Sen teknoloji editörüsün. Otomobil lansmanlarına da etkileşimin iyi olduğu için çağrılıyorsun. Ama bu sana “Beni niye lansmanlara çağırmıyorsunuz” deme hakkını da vermediği gibi; ajans çalışanlarına da saygısızlık yapma hakkı hiç vermiyor. X’te senin saldırgan mesajlarını görünce, senden de bu tarz bir üslup beklemediğim için ajansa doğruluk derecesini sordum. Yazdıklarına inanamıyorum. Nasıl bu kadar öfkelenip, nasıl bu kadar saldırgan ve saygısız olabildin? Ve buna hiç mi hiç hakkın yokken. Alt tarafı BYD Türkiye’nin BYD yatırımı hakkındaki basın toplantısı. Sadece otomotiv gazetecileri çağrılmış. Yani senin rakibin olan teknoloji ile ilgili de kimse yok. İzlemişsindir sanırım, Fatih Altaylı’ya bu konudaki düşünceleri sorulmuş. Seni tanımadığını söylemiş. Hatta Hamdi Alkan ile karıştırmış falan. İşte Google’a bakarsan Fatih Altaylı’nın senin için “Hakkı Alkan bir dönem FETÖ’nün Los Angeles imamı olmaya çalışan kişi” dediğinin videosu var. Hakkında da çok yazılmış çizilmiş. Çoğunu sildirmişsin ama olanlar yetti seni daha iyi tanımama… Amerika şirket kurman, Pensilvanya ziyaretlerin, bir dönemin Cemaati, şimdinin FETÖ’süyle anılman falan hepsi mevcut. Yediğin Maklube’ler de... Ya işte Hakkı Kardeş (Abi dediğin için böyle hitap ediyorum) eski yediğimiz hurmalar biliyorsundur devamını… Şu anda seni ne kadar tırmalıyor bilemiyorum ama; bir basın toplantısına davet edilmedin diye salgınlığın ve saygısızlığı konusunda sana “bu gücü nereden alıyorsun” diye sormuştum ya yanıtı Google verdi işte. Şimdi anladım… Bu arada yanıt dedim de aklıma geldi. Bana hemen yanıt verdin de; Fatih Altaylı’ya yanıt veremedin sanırım. Neyse, bak konu nereden nerelere geldi. Sen, bir zamanlar (şimdinin FETÖ’sü olan) Cemaat’in kayığına binip gezmiş olabilirsin, şimdi Külliye’ye yaranmaya çalışabilirsin. Güçlü olanın safında yer alabilirsin. Bunlara diyecek tek lafım yok. Olamaz da… Ama bu güçlerin arkasına sığınıp da sağı solu tehdit etmen, saldırgan olman anlamına gelmiyor. Benin hakkımda yazdıklarından sonra senin hakkında bana gelen mesajların ortak noktası sendeki “öfke kontrolü” konusundaydı. Los Angeles imamı oldun mu bilmiyorum ama benim bir arkadaşım Los Angeles’te bu konuda tedavi gördü. Tavsiye ederim.

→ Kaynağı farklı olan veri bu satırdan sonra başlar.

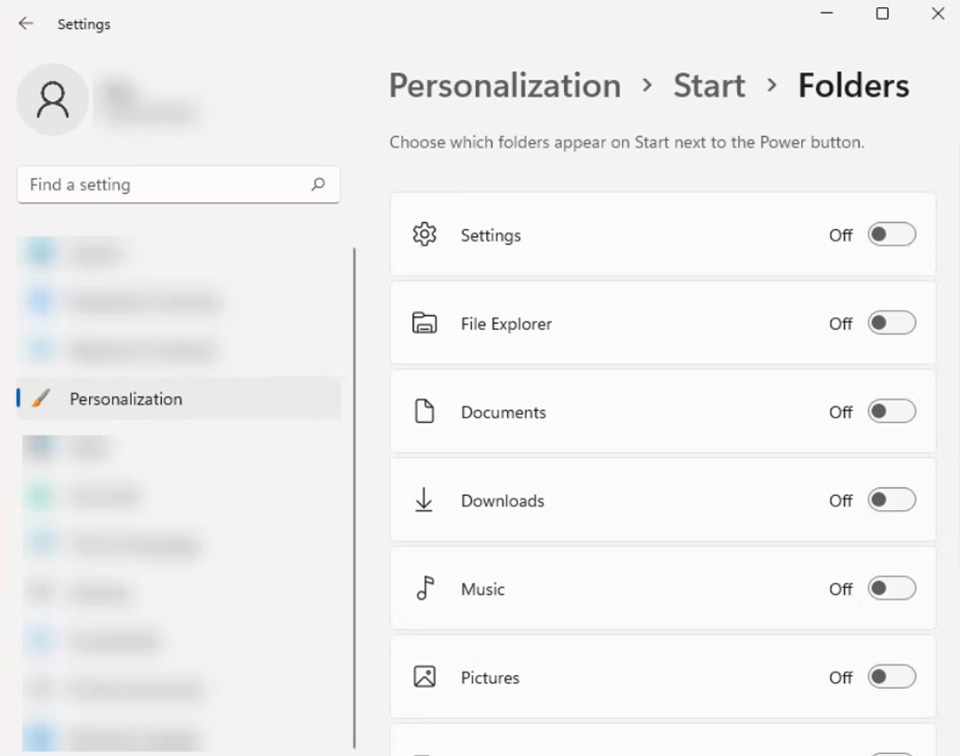 5 việc cần làm sau khi cài Windows 11 - Ảnh 04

Bu arada bak sana küçük bir not daha vereyim. Bir toplantıya çağrılmadın diye yıkıp geçtiğin Message İletişim yaklaşık bir buçuk yıldır beni sadece bir kere yurt dışı basın lansmanına davet etti. Bu süreçte onca düzenledikleri basın lansmanlarına çağrılmadım. Sen benden fazla gitmişsindir… Başkanından tüm çalışanlarına kadar samimi arkadaşım olmalarına rağmen bir  kere bile sormadım “beni niye çağırmadınız” diye. Yani sen sen ol davet edilmediğin yere sakın bir daha “beni niye davet etmediniz diye sorma çok ayıp. Bu cemaat toplantıları değil ki; alınganlık gösterip “beni niye çağırmadınız” diye sorasın. “Bir bildikleri vardır” de geç, öfkeni de içinde tut.

Senden ricam; videomu paylaştığın gibi bu Cevap Hakkı yazımı da aynen kendi hesabından paylaşman. Bende senle ilgili bir çok video ve ekran görüntüleri var ama paylaşmayı tercih etmedim. Benden özür dileyip konuyu kapatalım, uzatmayalım dersen bunlar bende kalır. Ama yok devam edelim dersen de seve seve yazışırız her şeyi paylaşırız.  Merak etme karşılaşacağımız lansmanlarda yine  merhabalaşır geçeriz, eskiden olduğu gibi… Gözlerinden öperim.